■ **Task goal**:
Every line from the one containing "WATCH: Strange reasons" to the end of the records below should be returned exactly; pictures are to be dropped.

▬▬▬▬▬▬

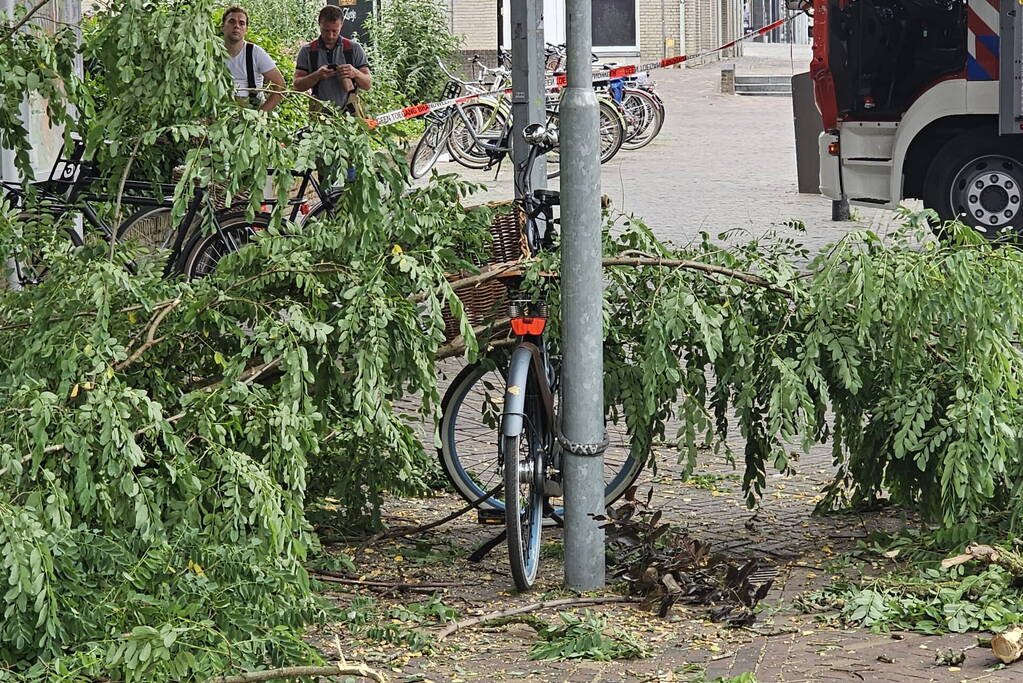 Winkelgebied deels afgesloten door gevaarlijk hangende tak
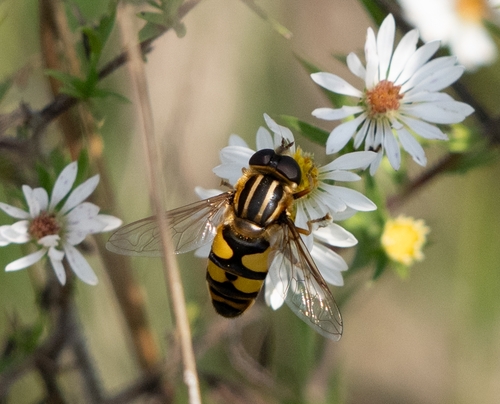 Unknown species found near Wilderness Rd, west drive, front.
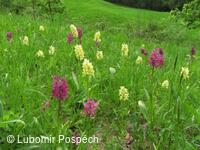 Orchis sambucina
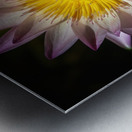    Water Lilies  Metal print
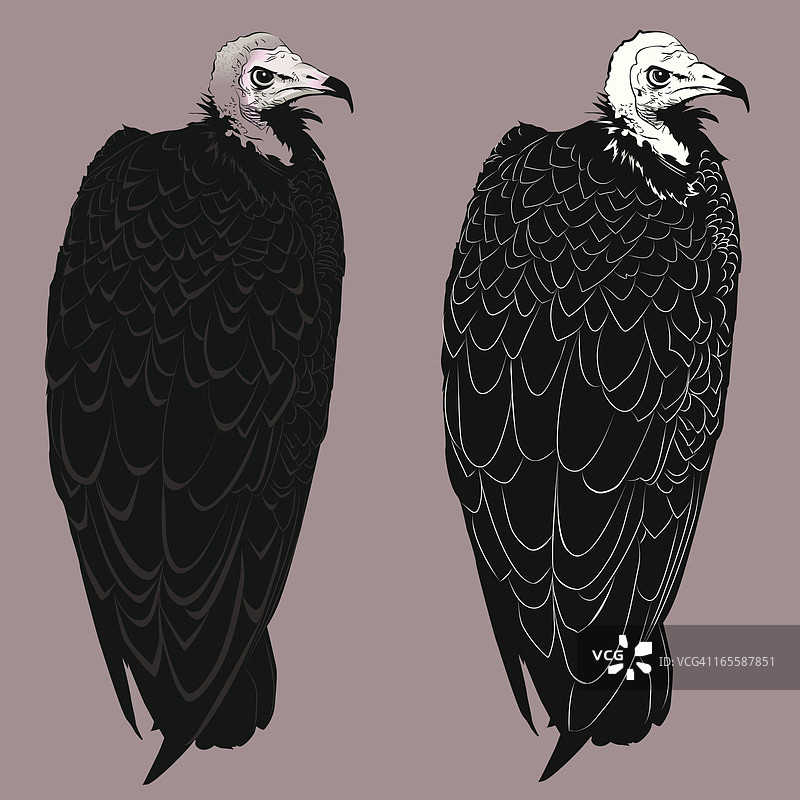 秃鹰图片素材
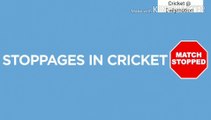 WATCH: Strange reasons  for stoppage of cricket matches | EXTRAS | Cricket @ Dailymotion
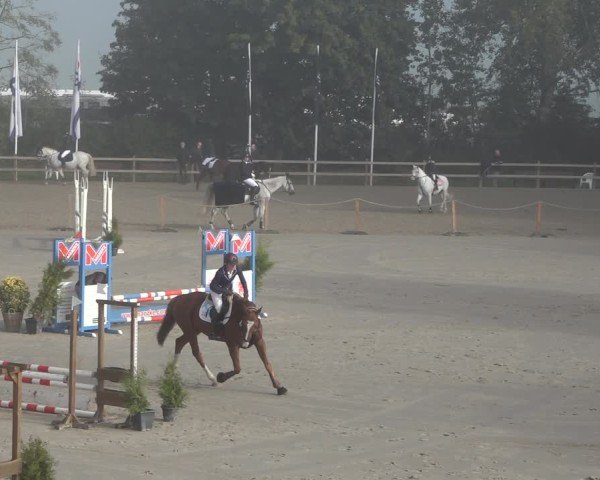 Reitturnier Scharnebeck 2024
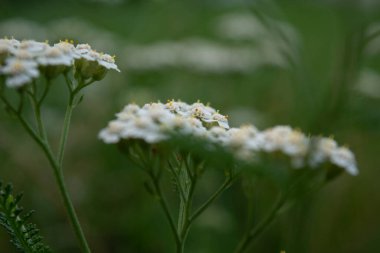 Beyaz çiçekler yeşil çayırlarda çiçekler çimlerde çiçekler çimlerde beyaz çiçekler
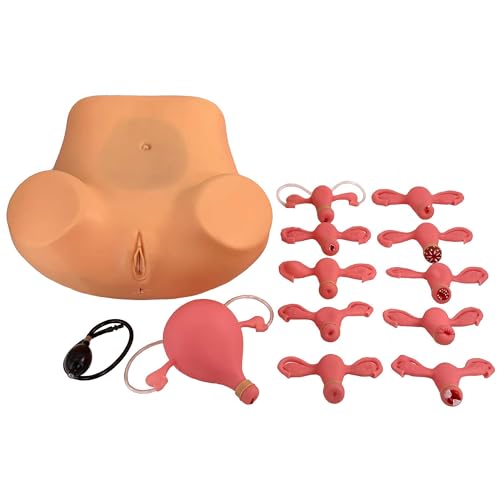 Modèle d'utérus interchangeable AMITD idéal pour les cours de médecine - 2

▬▬▬▬▬▬

■ **Exercise result**:
 WATCH: Strange reasons  for stoppage of cricket matches | EXTRAS | Cricket @ Dailymotion
 Reitturnier Scharnebeck 2024
 Beyaz çiçekler yeşil çayırlarda çiçekler çimlerde çiçekler çimlerde beyaz çiçekler
 Modèle d'utérus interchangeable AMITD idéal pour les cours de médecine - 2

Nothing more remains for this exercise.